Il mio giudizio per questo Argo Iro Plus è, nel complesso, buono avendo apprezzato la velocità con cui abbassa la temperatura e facilità di utilizzo. Il suo principale punto debole è l’eccessiva rumorosità durante il raffreddamento, il che potrebbe rendere impossibile l’impiego di notte pur inserendo la specifica funzione Sleep. Altro limite emerso nel corso della recensione riguarda l’impiego come deumidificatore. In tale condizione è bene disporre di uno scarico nelle immediate vicinanze dove collegare il tubo della condensa, altrimenti è necessario posizionare un contenitore molto capiente per evitare il rischio di fuoriuscita dell’acqua.

Electrolux EXP26U758CW

Electrolux EXP26U758CW

Pro

  • Bassa rumorosità
  • Consumi contenuti
  • Facilità di utilizzo
  • Design elegante

Contro

  • Non viene fornito il tubo per lo scarico della condensa

Avendo la necessità di rinfrescare in maniera efficace un piccolo ambiente domestico, una buona soluzione è rappresentata dal climatizzatore portatile Electrolux EXP26U758CW.

Il design ricercato permette di posizionare l’apparecchio ovunque si desideri, mentre le ruote e la pratica maniglia di spostarlo con estrema comodità. Altrettanto funzionale è il pannello dei comandi con display integrato, senza dimenticare la dotazione di un telecomando per effettuare ogni impostazione stando comodamente seduti sul divano o direttamente dal letto.

Le funzioni sono complete ma nel contempo essenziali e permettono di fissare la temperatura, velocità della ventola, impostare un timer per la partenza o lo spegnimento, nonché selezionare una delle modalità disponibili (Auto, Dry, Raffrescamento e Ventola).

Disponiamo anche della possibilità di attivare l’oscillazione dei deflettori per meglio orientare il flusso d’aria fresca e impostare la funzione Sleep (solo per modalità Raffrescamento e Auto), in modo da limitare al minimo la rumorosità.

Electrolux EXP26U758CW offre una potenza di 10mila BTU, il che consente di abbassare la temperatura in un ambiente di circa 30 metri quadri in tempi abbastanza brevi.
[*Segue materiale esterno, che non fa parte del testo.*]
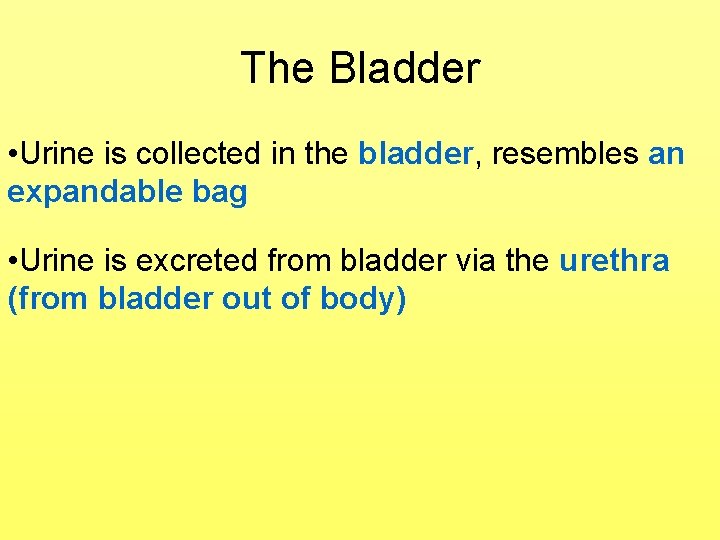 The Bladder • Urine is collected in the bladder, resembles an expandable bag •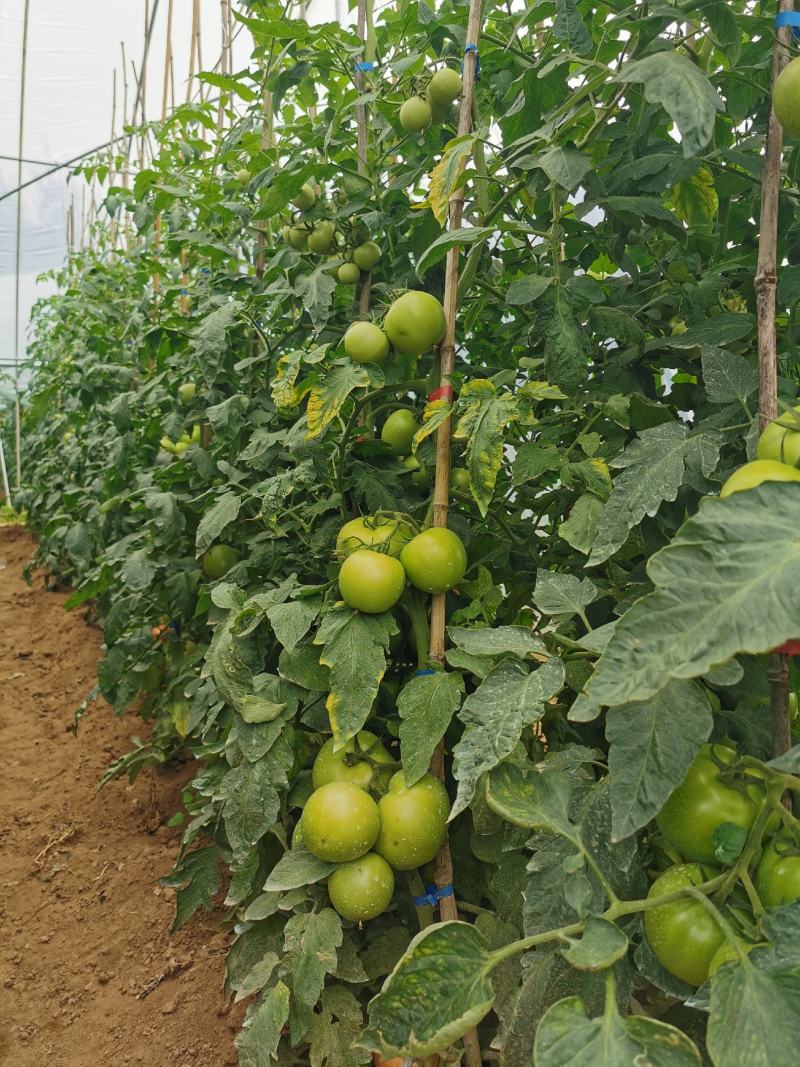 山西壶关南湖杰腾种植农业合作社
Grazie ad una classe di efficienza energetica A++ il consumo è di 0,8 kWh all’ora, mentre la massima pressione sonora raggiunge i 60 dB.

Ricordo che per l’utilizzo è necessario collegare un tubo di circa 15 cm di diametro verso l’esterno per consentire il passaggio dell’aria calda e uno di più piccole dimensioni (un classico tubo da giardino da acquistare a parte), per lo scarico diretto della condensa durante la modalità Dry.
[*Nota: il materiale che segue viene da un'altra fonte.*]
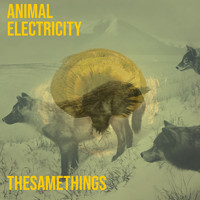 Animal Electricity - TheSameThings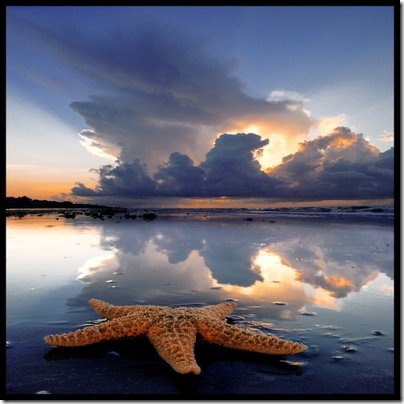 starfish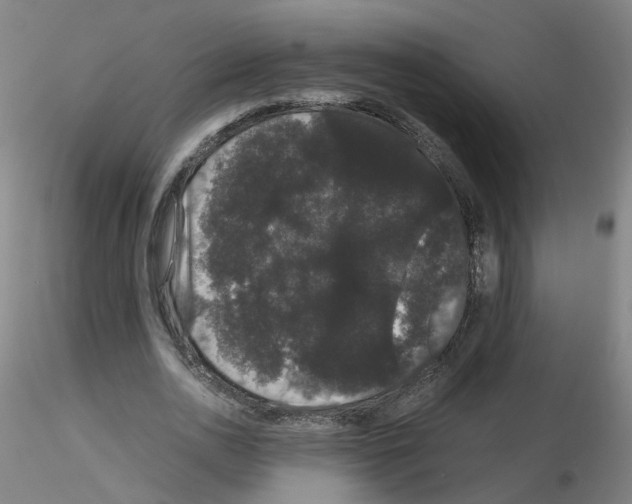 X0000116120726201001040950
Olimpia Splendid Unico Easy HP

Olimpia Splendid Unico Easy HP

Pro

  • Funzionamento automatico in base alla temperatura dell’ambiente domestico
  • Impostazioni molto semplici
  • Raffredda o riscalda con una certa rapidità

Contro

  • Piuttosto scomodo da spostare
  • Timer con incrementi di 30 minuti

Olimpia Splendid Unico Easy HP rappresenta un buon compromesso tra un climatizzatore fisso con unità esterna e un condizionatore portatile facilmente trasportabile. Le dimensioni sono pari a 69,3 x 27,6 x 66,5 (h) cm, con un peso di circa 36 kg. La struttura offre un design piuttosto moderno con un ampio pannello comandi e una vistosa presa d’aria anteriore. Tra i primi aspetti che saltano all’occhio c’è la mancanza delle ruote, sostituite da 4 piedini per assicurare la massima stabilità. Questo particolare fa intuire come, sebbene si tratti di un apparecchio portatile, risulti adatto anche alle esigenze di un posizionamento permanente.

Il cuore del climatizzatore è un sistema a pompa di calore che permette di raffreddare l’ambiente nelle stagioni calde e integrare o sostituire l’impianto di riscaldamento durante i periodi più freddi. In aggiunta posso sfruttare il funzionamento solo come deumidificatore oppure ventilatore. Alla pari di tutti i modelli dotati di pompa di calore, anche in questo caso devo sempre predisporre sia la tubazione per l’uscita dell’aria calda che quella per lo scarico della condensa.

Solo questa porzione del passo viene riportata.